For the purpose of the present invention as described herein above, it should be noted that - method steps likely to be implemented as software code portions and being run using a processor at an apparatus (as examples of devices, apparatuses and/or modules thereof, or as examples of entities including apparatuses and/or modules therefore), are software code independent and can be specified using any known or future developed programming language as long as the functionality defined by the method steps is preserved;

- generally, any method step is suitable to be implemented as software or by hardware without changing the idea of the aspects/embodiments and its modification in terms of the functionality implemented;

- method steps and/or devices, units or means likely to be implemented as hardware components at the above-defined apparatuses, or any module(s) thereof, (e.g., devices carrying out the functions of the apparatuses according to the aspects/embodiments as described above) are hardware independent and can be implemented using any known or future developed hardware technology or any hybrids of these, such as MOS (Metal Oxide Semiconductor), CMOS (Complementary MOS), BiMOS (Bipolar MOS), BiCMOS (Bipolar CMOS), ECL (Emitter Coupled Logic), TTL (Transistor-Transistor Logic), etc., using for example ASIC (Application Specific IC (Integrated Circuit)) components, FPGA (Field- programmable Gate Arrays) components, CPLD (Complex Programmable Logic Device) components or DSP (Digital Signal Processor) components;

- devices, units or means (e.g. the above-defined apparatuses, or any one of their respective units/means) can be implemented as individual devices, units or means, but this does not exclude that they are implemented in a distributed fashion throughout the system, as long as the functionality of the device, unit or means is preserved;

- an apparatus may be represented by a semiconductor chip, a chipset, or a (hardware) module comprising such chip or chipset; this, however, does not exclude the possibility that a functionality of an apparatus or module, instead of being hardware implemented, be implemented as software in a (software) module such as a computer program or a computer program product comprising executable software code portions for execution/being run on a processor;

- a device may be regarded as an apparatus or as an assembly of more than one apparatus, whether functionally in cooperation with each other or functionally independently of each other but in a same device housing, for example.
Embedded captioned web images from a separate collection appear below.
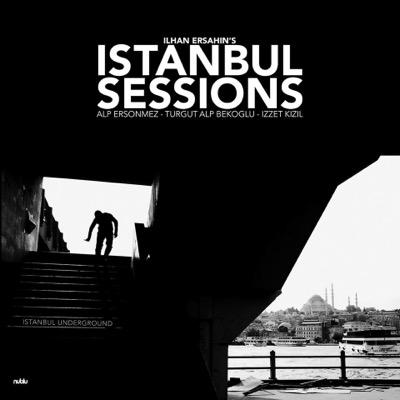 sounds from istanbul underground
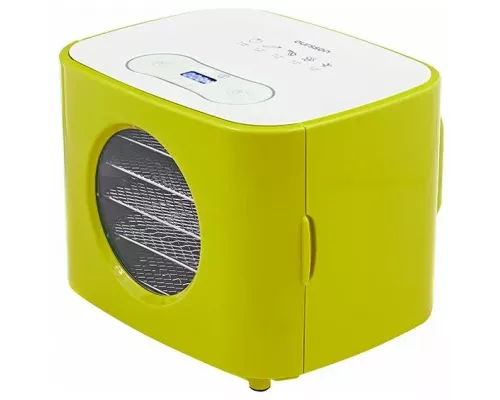 Сушилка для овощей и фруктов Oursson DH5000D/GA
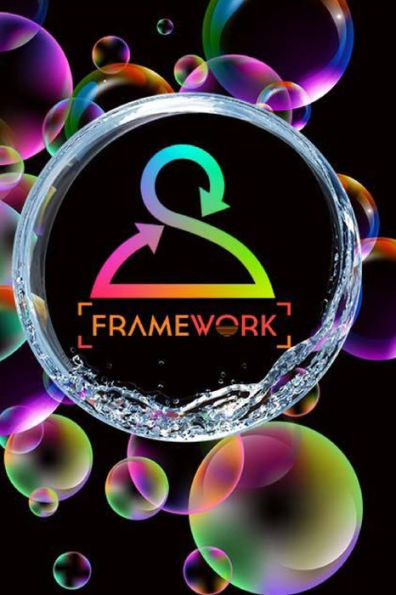 FrameWork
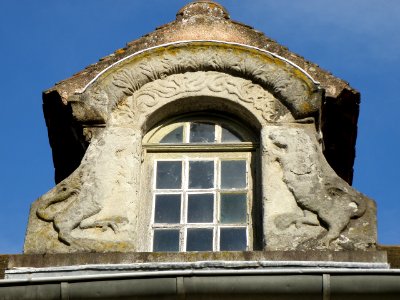 Nolay Maison natale de Carnot 8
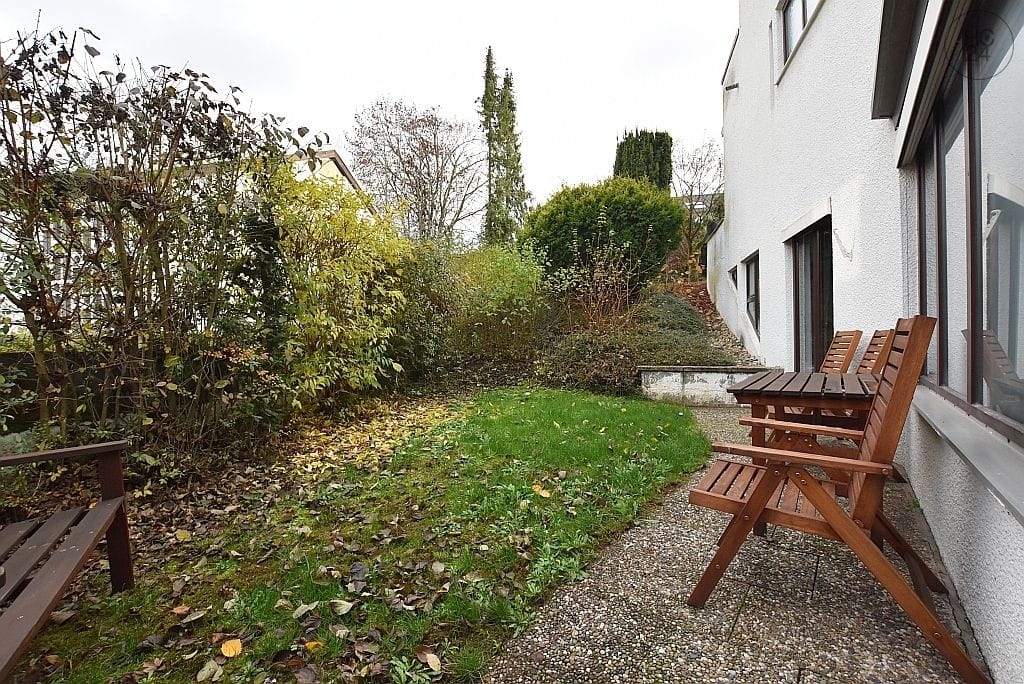 property detail images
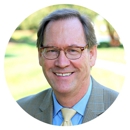 Movement Mortgage - Mike Callahan - Mortgages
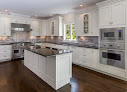 Home Renovation Vancouver - Kitchen & Bathroom Remodelling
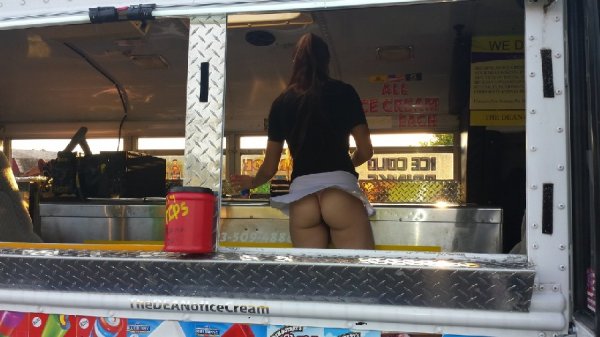 ������������ ������������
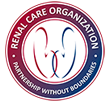 renalcareorg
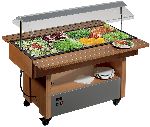 COOL Salatbar/Buffet EXTRA 2
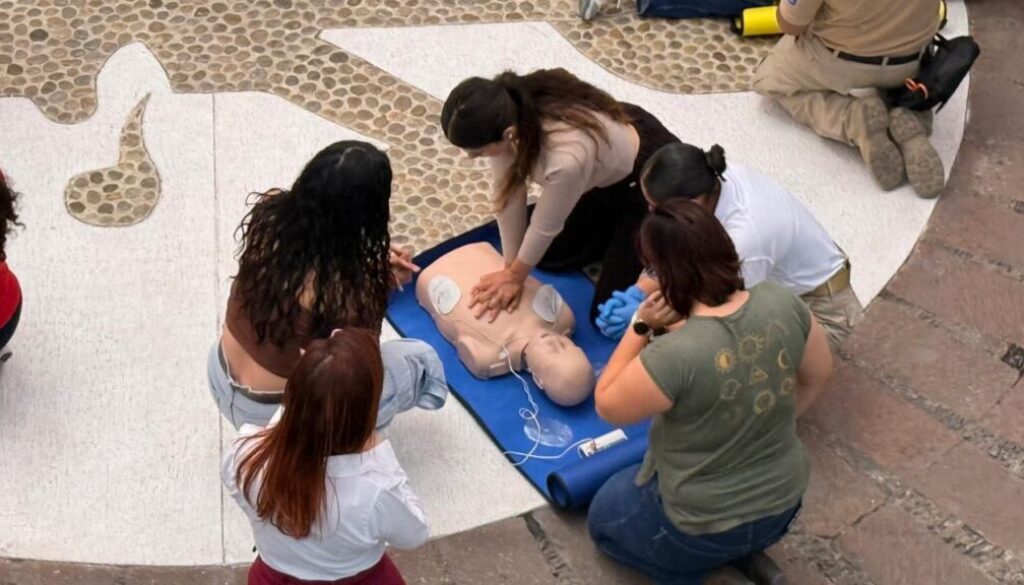 651246595_932177222886903_3808352854767390917_n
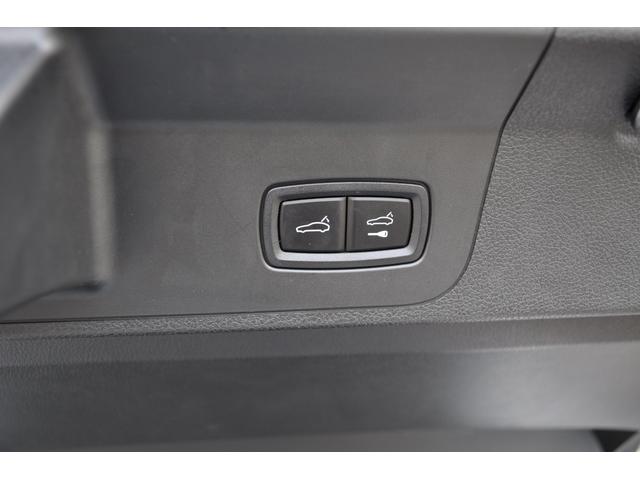 パナメーラ ターボ　ＢＯＳＥ／アダプティクルーズコントロール／ＬＥＤヘッドライト／１４Ｗａｙ／シートヒーター／ＰＡＳＭエアサス／禁煙車／ＬＥＤヘッドライト／６ヶ月走行無制限保証／（61枚目）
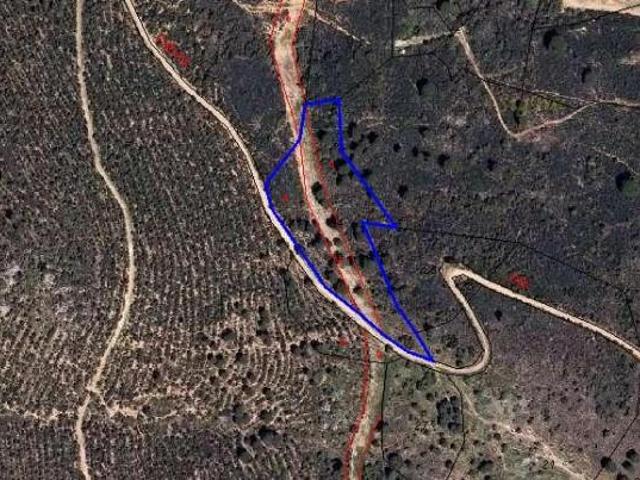 Terreno en venta en Pelayos De La Presa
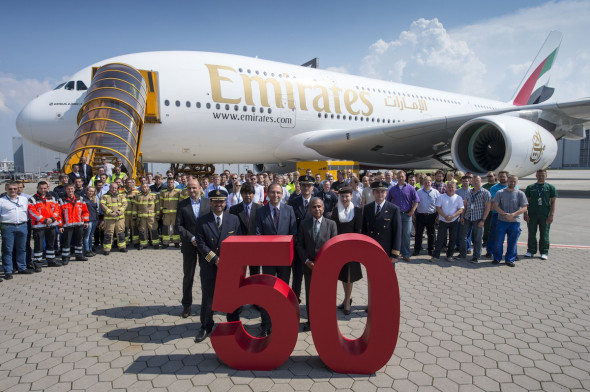 50th_Emirates_A380_19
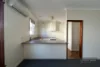 28 Batchelor Crescent, Wangaratta, Vic 3677-Image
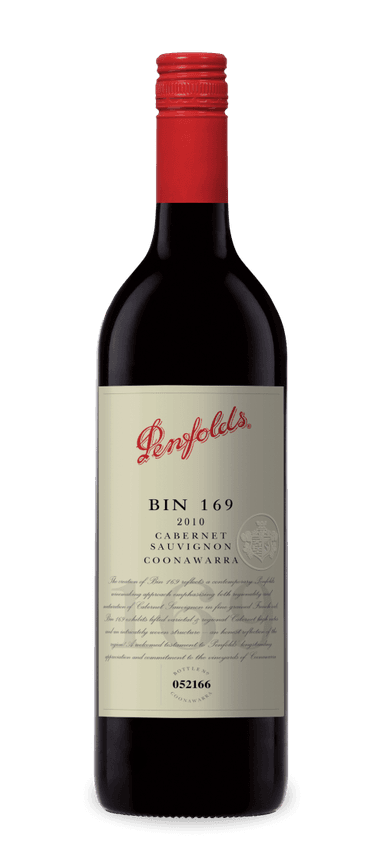 bottle image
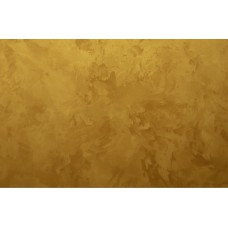 Элеганс золото  декоративная штукатурка 040
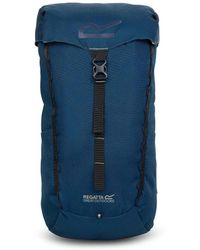 Regatta - Survivor 5 20L Backpack - Lyst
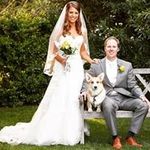 Amy Winchell - @winchell_amy - Instagram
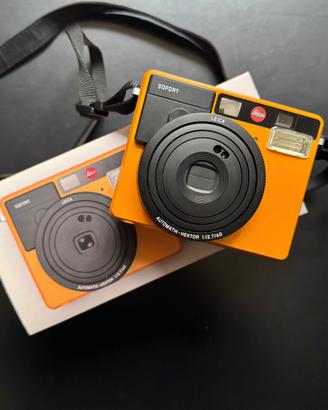 Leica Sofort 1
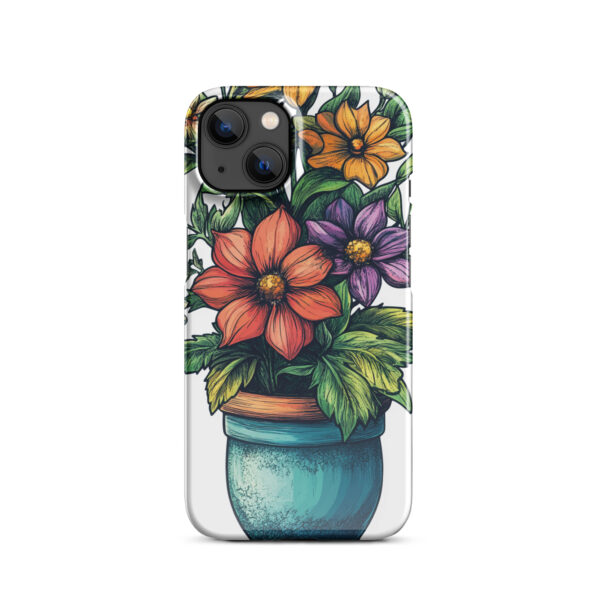 Snap case for iPhone - Image 10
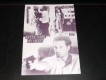 9363: After Dark my Sweet,  Rachel Ward,  Bruce Dern,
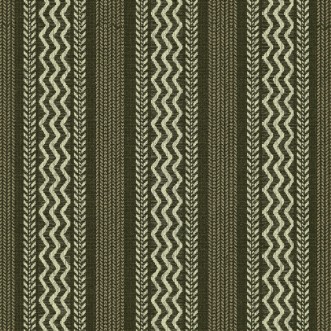 Picture of Jochberg Juniper - WP30130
In general, it is to be noted that respective functional blocks or elements according to above-described aspects can be implemented by any known means, either in hardware and/or software, respectively, if it is only adapted to perform the described functions of the respective parts. The mentioned method steps can be realized in individual functional blocks or by individual devices, or one or more of the method steps can be realized in a single functional block or by a single device.

Generally, any method step is suitable to be implemented as software or by hardware without changing the idea of the present invention. Devices and means can be implemented as individual devices, but this does not exclude that they are implemented in a distributed fashion throughout the system, as long as the functionality of the device is preserved. Such and similar principles are to be considered as known to a skilled person.

Software in the sense of the present description comprises software code as such comprising code means or portions or a computer program or a computer program product for performing the respective functions, as well as software (or a computer program or a computer program product) embodied on a tangible medium such as a computer-readable (storage) medium having stored thereon a respective data structure or code means/portions or embodied in a signal or in a chip, potentially during processing thereof.

It is noted that the aspects/embodiments and general and specific examples described above are provided for illustrative purposes only and are in no way intended that the present invention is restricted thereto. Rather, it is the intention that all variations and modifications which fall within the scope of the appended claims are covered.